RE: Requirements for notes

> From: Ron Davies [mailto:ron@rondavies.be] 
> Sent: Wednesday, May 12, 2004 6:32 AM
> Subject: Re: Requirements for notes
>  
> I'm not sure that it's really necessary to try to specify a wide range of 
> different possible kinds of notes. This seems to me to be a case where
your idea 
> of subclassing and inheritance is going to be really useful (the other is
the 
> different types of hierarchical relationship such as partitive, generic,
etc.). I 
> think it's important, as Andy suggests, to distinguish between public and
private 
> notes, since these may be handled in different ways, but for the rest, I'm
not 
> sure it matters a lot. A scope note, a history note, and some kind of
internal 
> note are the ones that I have seen most often, but others have a lot more 
> experience with this.
> 
> I'm still a little concerned about delivering all of these notes every
time we 
> access a Concept. I would say normally in a _thesaurus_ application at
least 
> there's a continuum of how often information gets used, something like
this: 

One reason for defining a little more than scope, history, internal notes is
that it allow you extract the notes that are relevant to your audience.  For
example, someone browsing the vocabulary is probably not interested in
application, citation, reference, or editorial notes.  They may only need
scope and public notes.  However, a librarian who is trying to apply the
vocabulary is probably interested in application, scope, and history notes.
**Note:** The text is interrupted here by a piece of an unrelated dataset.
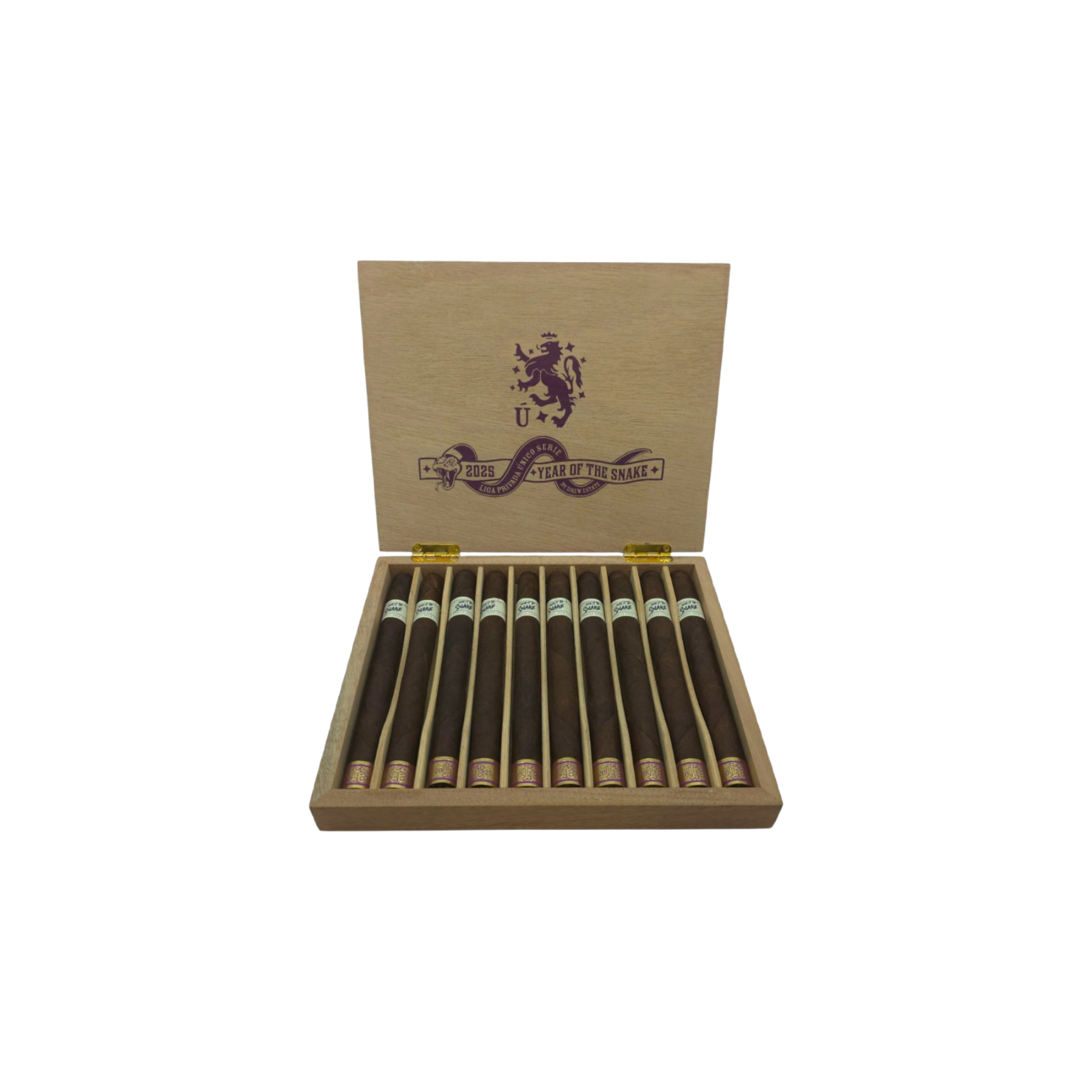 Liga Privada Unico Serie Year of the Snake LE 2025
As I pointed out, Dewey may be far to one side with all its note types.  BTW
after I sent my prior message I discovered that the Excel spreadsheet I was
filtering that contained the tags and descriptions was filtered incorrectly
and there were another twenty more note types!  Ouch, however they didn't
add anything new to the discussion than what I presented. 

In my prior message I showed that it was possible to boil down all those
notes types to a very small set of distinct buckets that one could use to
build more detailed note types.  The buckets I suggested *probably* have
broader use across various, thesauri, subject headings, classification
systems, etc.  Many vocabularies may only use a few note types as you
suggested, but it would be nice to have the additional ones I suggested so
you can do finer grained things for presentation or programmatic
manipulation.

> The Concept object combines the most often used information with the least
often
> used information. Sometimes these notes can be very long (Andy is perhaps
in a 
> good position to confirm or deny my fears here). So the API may be
delivering a 
> lot of textual information with Concepts that will only be used a very
small 
> percentage of the time. Maybe in practice this overhead won't matter, but
it's an 
> issue perhaps to evaluate.

The length of notes vary from vocabulary to vocabulary.  I deal with a
number of vocabularies, DDC, LCC, LCSH, MeSH, FAST, GSAFD, Eric, GEM-S,
Gates, Sears, etc.  Most notes are short in these vocabularies.  The
editorial guidelines for the vocabulary can play into the length of notes.
In Dewey, notes are generally concise.  Probably due to the fact that there
are so many of them.  The note types are for specifically defined purposes.
However, when an editor needs to discuss a topic in more detail, Dewey has a
section called the "Manual".

The "Manual" is where in-depth discussions about a class number or a class
number in relation to other class numbers goes.  It's a separate section,
distinct from the actual classification notes.  The discussions in the
"Manual" are along the lines of why would you use this concept over these
other concepts and the fine lines that the editors draw between concepts.
The "Manual" notes wouldn't be converted to SKOS because many times they
deal with relationships between concepts.  So if there are multiple concepts
discussed, then which one do you associate the note with?  I guess, if a
"Manual" note discussed three classes you could put the same note in all
three classes, but I'm not sure that would be useful.  It borders on the
same principal why vocabularies put things into tables, like geographics.
They can be used in multiple places and it's far easier to maintain in one
place.  The "Manual" also seems outside the scope of what we are trying to
do with SKOS and vocabularies, however if we needed to incorporate it with
SKOS we would define our own RDF Resource and use dc:relation in the
skos:Concept record to relate the concept to the place where it was
discussed.

Part of having finer grained notes allows the API to deliver only what you
need and no more.  So if your audience only needs scope and public notes,
you should be able to specify what your need is to the API.  If you just had
just scope, history, and editorial note types, then you could get back a lot
of stuff that isn't very useful to your audience.  That's because the
vocabulary maintainer was forced into putting everything into scope notes or
a subclass of scope notes.


Andy.

Andrew Houghton, OCLC Online Computer Library Center, Inc.